WHAT TO PRODUCE:
Please set down only the lines below starting with the line with "Enba Etnik Desenli" and going on through the line with "Guess Factory Kianna Chiffon Top In Black", verbatim and without pictures.

EXTRACTED RECORDS:
- Opening Delimiter -
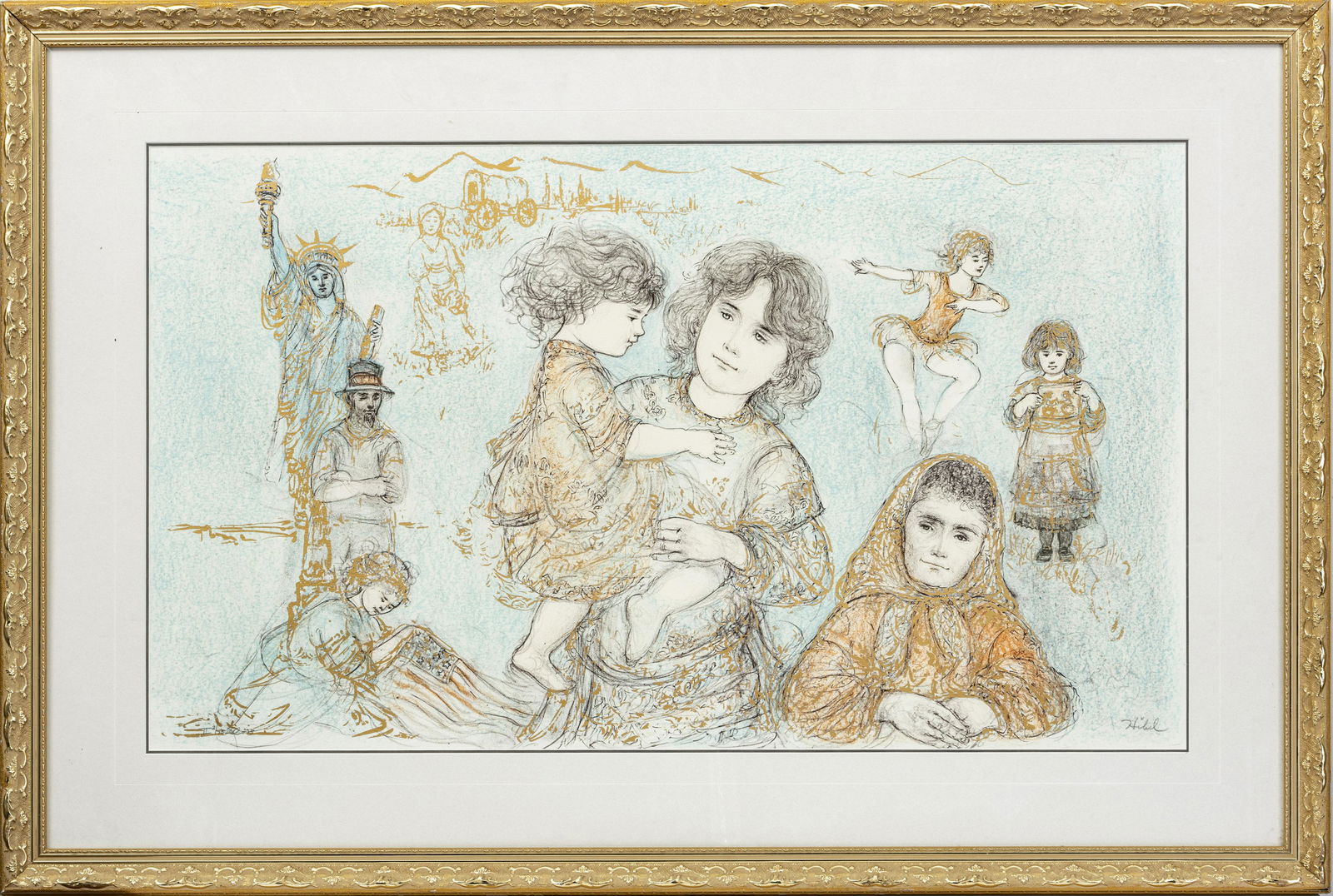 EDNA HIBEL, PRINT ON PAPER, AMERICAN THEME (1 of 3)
- Closing Delimiter -
- Opening Delimiter -
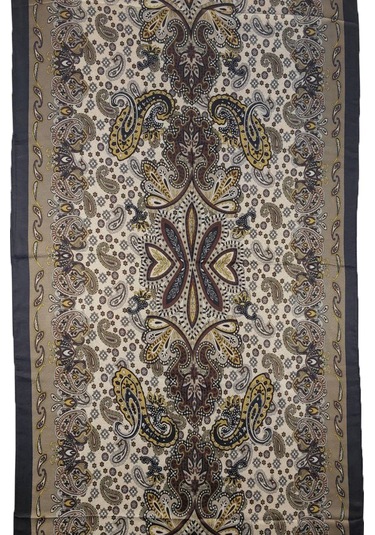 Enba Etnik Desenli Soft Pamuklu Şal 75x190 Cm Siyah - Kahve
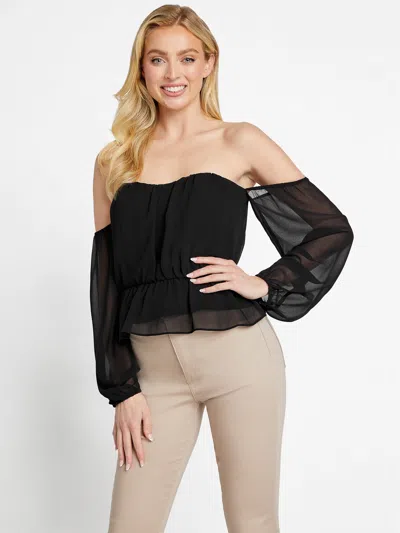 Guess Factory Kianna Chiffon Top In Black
- Closing Delimiter -
ANSWER SECTION:
 Enba Etnik Desenli Soft Pamuklu Şal 75x190 Cm Siyah - Kahve
 Guess Factory Kianna Chiffon Top In Black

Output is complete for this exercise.